Multiphase metering technology continues to evolve, with significant implications for the oil and gas industry. Current technology is sufficiently capable for some oilfield applications and requires further development for others, particularly low-maintenance measurement of high GVF fluids. This paper discusses a field trial of four commercially available multiphase meters, including the test set-up, meter evaluation criteria, and general conclusions.
Accurate determination of oil, water, and gas production rates is an important element of oilfield management and optimization. Information from well testing is used for identification of wellwork and in-field development opportunities, artificial lift optimization and troubleshooting, and optimization of production through surface facilities. Additionally, well tests have direct impact on fiscal accounting, reservoir management, and production forecasting. Metering of fluids from production wells has traditionally utilized large separation vessels to separate the combined fluid into gas, oil, and water streams, which are then measured individually. More recent methods involve twophase separation into gas and liquid streams, with supplementary metering to determine the water/oil fraction of the liquid stream.
Traditional test separators are large pressure vessels (with significant capital expense), requiring a large footprint, overpressure protection, and chemical injection to break oil/water emulsions. Due to the volume capacity of the vessels and test pipelines (particularly in subsea fields), lengthy purge and stabilization periods are required between wells, reducing the efficiency of the testing system. Solids build-up in the vessel affects separation efficiency by altering effective fluid level, weir height, and retention time. The production characteristics of wells are masked by the dampening effects of a large vessel, and additionally this limits the potential for gas lift optimisation.
A multiphase flow meter (MFM) capable of accurate flow measurements could provide significant cost savings and improved well management and optimization. In an onshore development, a MFM permanently installed on the production line of every well would eliminate the need for a traditional test vessel, separate test header, and the associated divert valves. This would also reduce the footprint of the pad, the fire and gas suppression requirements, and the necessary automation and safety systems. Continuous monitoring would also provide the ability to make much faster, better-informed decisions and well interventions. Many MFMs claim considerable tolerance to emulsion, which has the potential to reduce the dependence and cost associated with emulsion breaker.

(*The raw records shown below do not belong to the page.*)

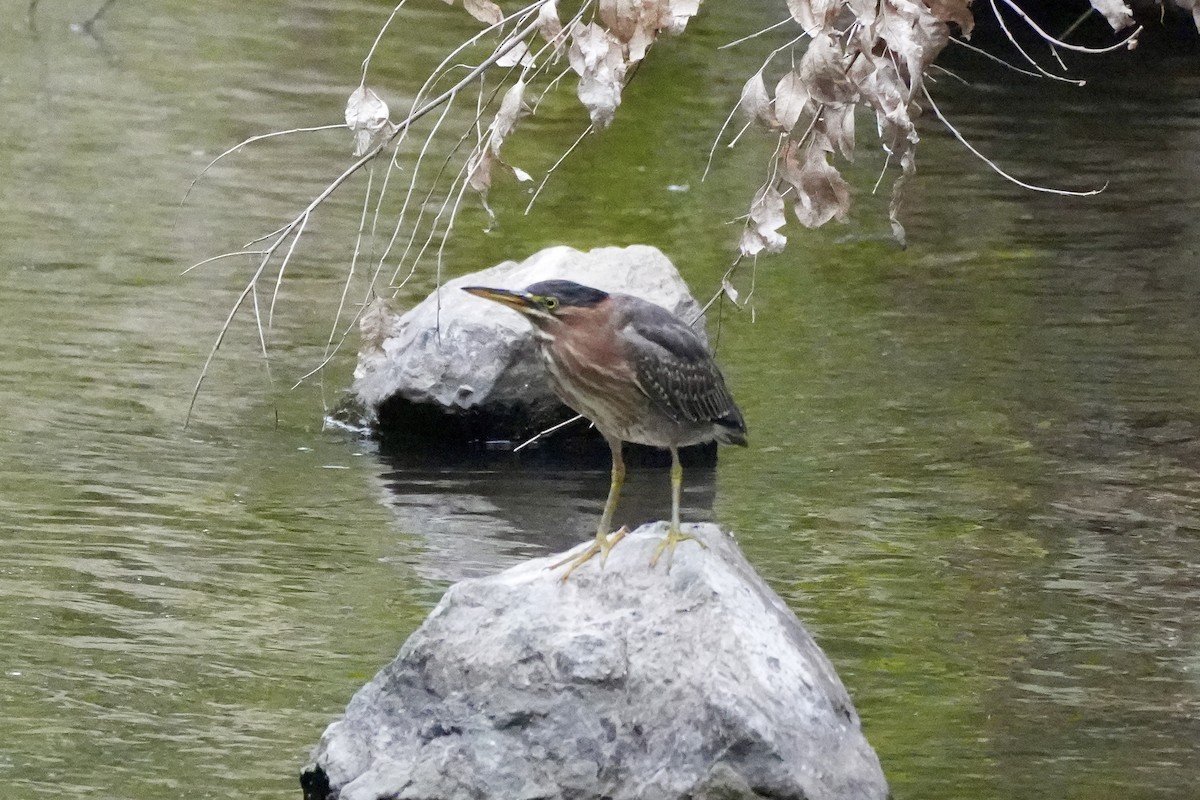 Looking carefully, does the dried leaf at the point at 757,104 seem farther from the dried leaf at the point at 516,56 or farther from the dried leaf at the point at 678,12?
the dried leaf at the point at 516,56

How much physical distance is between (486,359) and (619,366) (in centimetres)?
365

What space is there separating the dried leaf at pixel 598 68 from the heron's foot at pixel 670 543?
122 centimetres

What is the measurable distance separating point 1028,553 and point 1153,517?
0.84 metres

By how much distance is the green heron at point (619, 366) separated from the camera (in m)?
6.18

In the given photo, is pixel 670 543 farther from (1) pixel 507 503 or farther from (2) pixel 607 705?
(1) pixel 507 503

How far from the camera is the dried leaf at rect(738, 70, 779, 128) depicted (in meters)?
6.18

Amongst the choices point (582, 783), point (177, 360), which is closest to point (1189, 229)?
point (177, 360)

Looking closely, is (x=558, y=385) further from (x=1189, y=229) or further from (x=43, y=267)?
(x=1189, y=229)

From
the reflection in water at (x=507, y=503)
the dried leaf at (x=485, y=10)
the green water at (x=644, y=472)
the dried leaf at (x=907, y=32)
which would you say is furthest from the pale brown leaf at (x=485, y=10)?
the reflection in water at (x=507, y=503)

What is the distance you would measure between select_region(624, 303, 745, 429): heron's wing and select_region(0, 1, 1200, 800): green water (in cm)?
123


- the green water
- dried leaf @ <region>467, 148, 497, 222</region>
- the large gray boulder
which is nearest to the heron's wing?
the large gray boulder

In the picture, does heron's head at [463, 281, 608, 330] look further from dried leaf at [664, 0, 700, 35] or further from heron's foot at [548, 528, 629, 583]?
dried leaf at [664, 0, 700, 35]

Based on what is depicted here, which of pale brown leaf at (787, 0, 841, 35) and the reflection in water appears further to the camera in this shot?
the reflection in water

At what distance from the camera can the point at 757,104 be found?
6230 mm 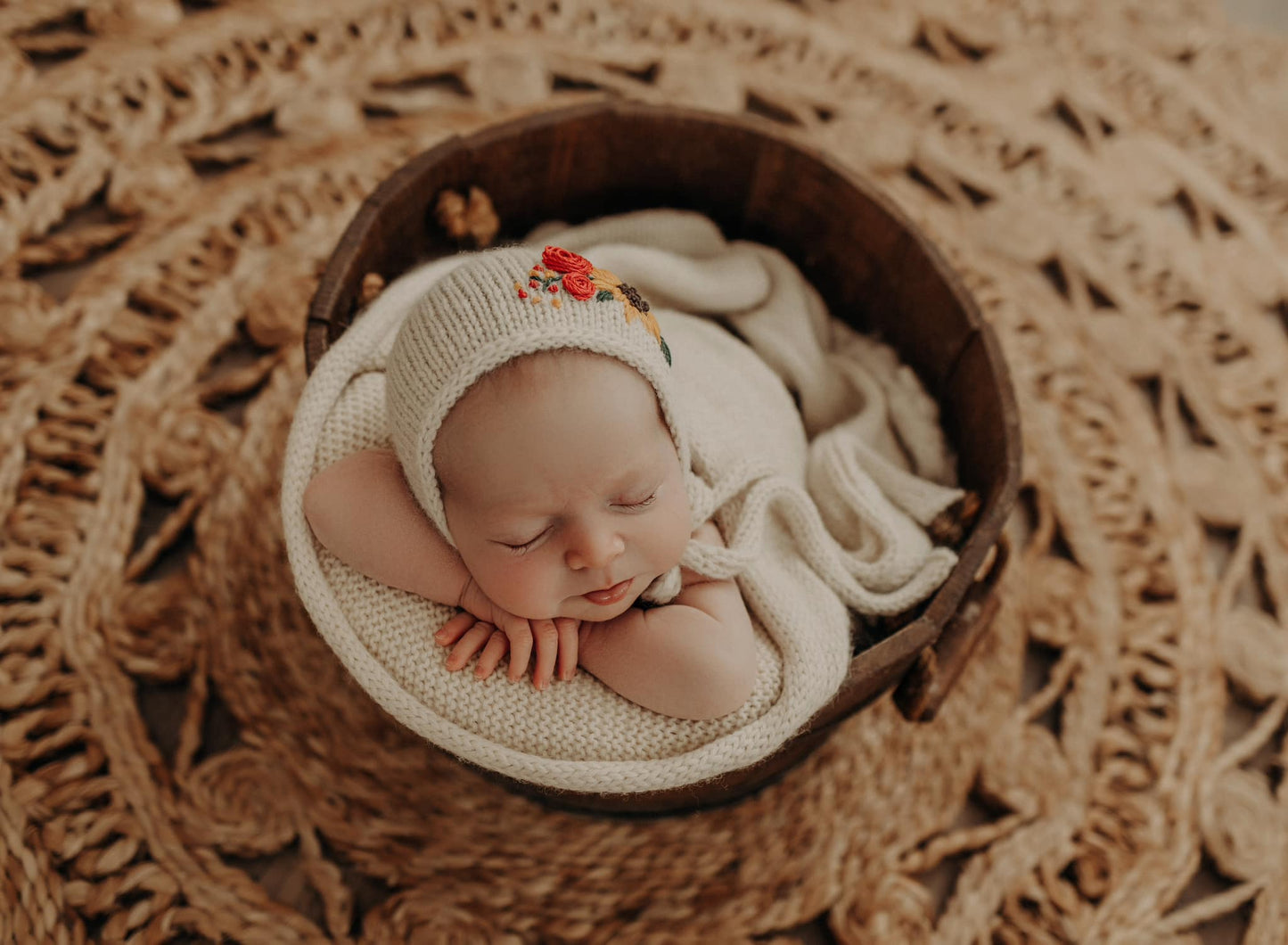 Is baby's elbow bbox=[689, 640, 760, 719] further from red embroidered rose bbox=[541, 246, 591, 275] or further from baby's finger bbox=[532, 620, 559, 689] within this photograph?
red embroidered rose bbox=[541, 246, 591, 275]

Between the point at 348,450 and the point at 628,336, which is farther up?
the point at 628,336

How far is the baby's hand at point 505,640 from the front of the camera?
0.83 metres

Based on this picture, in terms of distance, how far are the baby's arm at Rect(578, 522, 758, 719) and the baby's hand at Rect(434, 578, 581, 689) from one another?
0.03m

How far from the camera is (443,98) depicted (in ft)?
4.99

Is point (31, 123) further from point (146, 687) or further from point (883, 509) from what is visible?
point (883, 509)

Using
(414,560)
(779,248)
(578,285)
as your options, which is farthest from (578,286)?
(779,248)

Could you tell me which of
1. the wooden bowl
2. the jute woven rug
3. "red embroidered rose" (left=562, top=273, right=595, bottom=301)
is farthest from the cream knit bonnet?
the jute woven rug

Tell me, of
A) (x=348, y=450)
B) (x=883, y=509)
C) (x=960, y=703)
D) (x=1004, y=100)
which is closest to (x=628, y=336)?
(x=348, y=450)

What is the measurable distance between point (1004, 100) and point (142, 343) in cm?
143

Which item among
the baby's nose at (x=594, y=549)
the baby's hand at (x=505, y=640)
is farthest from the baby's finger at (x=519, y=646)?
the baby's nose at (x=594, y=549)

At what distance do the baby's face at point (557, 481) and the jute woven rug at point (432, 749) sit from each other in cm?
41

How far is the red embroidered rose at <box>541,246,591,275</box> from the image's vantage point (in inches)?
30.8

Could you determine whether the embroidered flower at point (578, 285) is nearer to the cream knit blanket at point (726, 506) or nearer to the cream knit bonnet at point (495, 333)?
the cream knit bonnet at point (495, 333)

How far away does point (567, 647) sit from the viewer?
0.85 meters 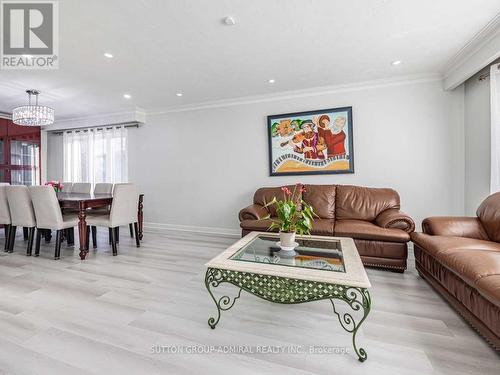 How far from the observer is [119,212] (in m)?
3.33

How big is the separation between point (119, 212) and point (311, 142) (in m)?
3.11

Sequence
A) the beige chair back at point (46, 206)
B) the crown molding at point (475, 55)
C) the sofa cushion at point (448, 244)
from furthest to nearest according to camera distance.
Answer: the beige chair back at point (46, 206) → the crown molding at point (475, 55) → the sofa cushion at point (448, 244)

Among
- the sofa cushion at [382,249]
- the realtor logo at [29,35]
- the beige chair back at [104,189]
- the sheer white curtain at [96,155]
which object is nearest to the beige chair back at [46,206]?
the beige chair back at [104,189]

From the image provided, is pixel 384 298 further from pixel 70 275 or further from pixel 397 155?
pixel 70 275

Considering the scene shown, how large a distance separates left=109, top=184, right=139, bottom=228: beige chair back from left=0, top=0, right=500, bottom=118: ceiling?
160 centimetres

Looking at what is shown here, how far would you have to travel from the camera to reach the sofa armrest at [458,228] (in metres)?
2.29

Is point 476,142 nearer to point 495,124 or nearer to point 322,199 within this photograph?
point 495,124

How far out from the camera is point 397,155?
11.5 ft

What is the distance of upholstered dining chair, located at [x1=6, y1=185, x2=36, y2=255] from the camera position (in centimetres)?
316

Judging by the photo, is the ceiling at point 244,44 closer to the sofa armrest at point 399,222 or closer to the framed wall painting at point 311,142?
the framed wall painting at point 311,142

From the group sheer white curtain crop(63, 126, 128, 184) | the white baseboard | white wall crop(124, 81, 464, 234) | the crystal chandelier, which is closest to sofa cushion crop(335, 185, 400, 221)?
white wall crop(124, 81, 464, 234)

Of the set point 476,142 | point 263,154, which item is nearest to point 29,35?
point 263,154

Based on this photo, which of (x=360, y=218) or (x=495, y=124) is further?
(x=360, y=218)

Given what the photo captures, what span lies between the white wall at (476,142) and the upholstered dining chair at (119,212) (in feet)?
15.3
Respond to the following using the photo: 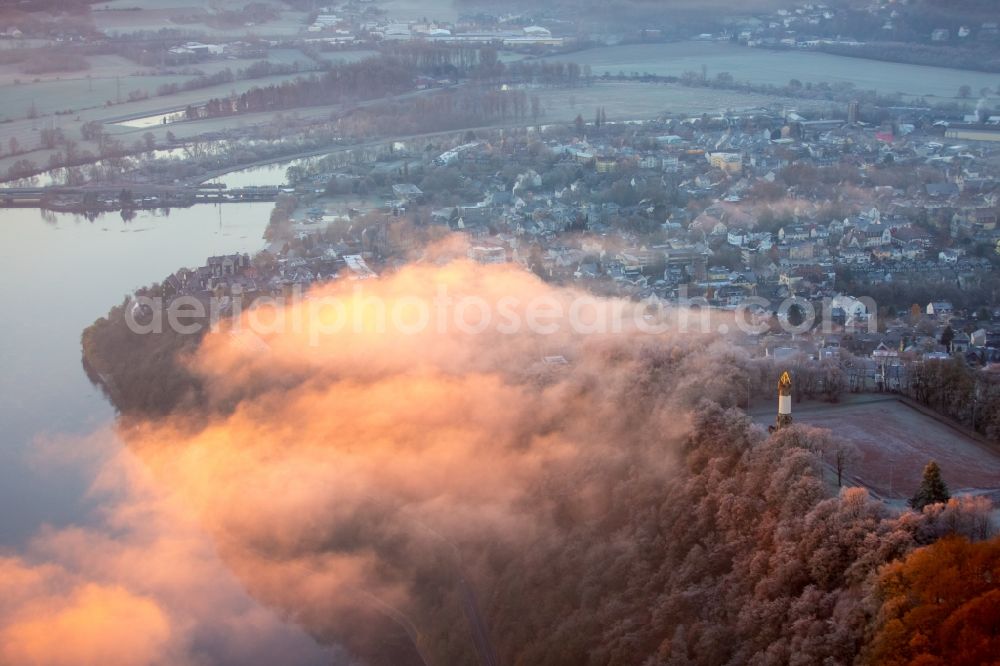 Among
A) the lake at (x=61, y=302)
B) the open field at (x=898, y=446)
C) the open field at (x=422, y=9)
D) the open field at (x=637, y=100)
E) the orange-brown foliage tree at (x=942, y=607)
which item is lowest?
the lake at (x=61, y=302)

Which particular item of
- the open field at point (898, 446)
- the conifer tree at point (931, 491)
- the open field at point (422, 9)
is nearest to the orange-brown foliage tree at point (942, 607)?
the conifer tree at point (931, 491)

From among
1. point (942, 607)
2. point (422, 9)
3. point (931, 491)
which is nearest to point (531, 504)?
point (931, 491)

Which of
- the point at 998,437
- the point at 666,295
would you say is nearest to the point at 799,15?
the point at 666,295

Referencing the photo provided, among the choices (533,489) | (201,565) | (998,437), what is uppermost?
(998,437)

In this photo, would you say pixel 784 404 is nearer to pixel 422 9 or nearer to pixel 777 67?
pixel 777 67

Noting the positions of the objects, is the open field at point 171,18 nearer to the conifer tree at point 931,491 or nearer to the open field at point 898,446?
the open field at point 898,446

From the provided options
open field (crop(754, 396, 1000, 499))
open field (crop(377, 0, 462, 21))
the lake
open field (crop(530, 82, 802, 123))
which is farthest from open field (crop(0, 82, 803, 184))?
open field (crop(754, 396, 1000, 499))

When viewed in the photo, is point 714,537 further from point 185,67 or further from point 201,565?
point 185,67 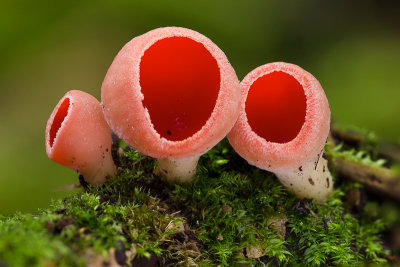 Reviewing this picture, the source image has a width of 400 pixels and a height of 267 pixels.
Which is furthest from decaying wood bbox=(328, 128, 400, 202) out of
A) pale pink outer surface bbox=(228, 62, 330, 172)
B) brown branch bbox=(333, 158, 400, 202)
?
pale pink outer surface bbox=(228, 62, 330, 172)

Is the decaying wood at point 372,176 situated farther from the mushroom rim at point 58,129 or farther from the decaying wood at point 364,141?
the mushroom rim at point 58,129

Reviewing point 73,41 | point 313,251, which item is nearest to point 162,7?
point 73,41

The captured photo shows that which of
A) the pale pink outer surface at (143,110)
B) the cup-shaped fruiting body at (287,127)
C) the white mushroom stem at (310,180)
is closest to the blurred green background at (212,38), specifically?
the white mushroom stem at (310,180)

MFMs also have the potential to augment or replace traditional pad separators that are consistently troublesome. In addition to more frequent and timely information on well production, ultimately this could reduce operator dependence on portable testing units which are currently employed for compliance testing. MFMs also have the potential to replace the portable testing units themselves. Elimination of the vessel means a more mobile, more efficient operation, with no purge time, reduced rig-up and rig-down time, and increased testing frequency in a given time period. Elimination of the vessel also reduces HSE exposure by eliminating overpressure potential at a weak point in the system.
Previous industry experiences with multiphase flow meters included operational problems arising from constant recalibration requirements, mechanical breakdown, "black box" data output, and measurement inaccuracies at high gas volume fraction (GVF, the volume fraction of gas as seen by the meter, at line pressure and temperature). In an effort to evaluate the current technology available, a field trial was performed in September of 2003 on the North Slope of Alaska.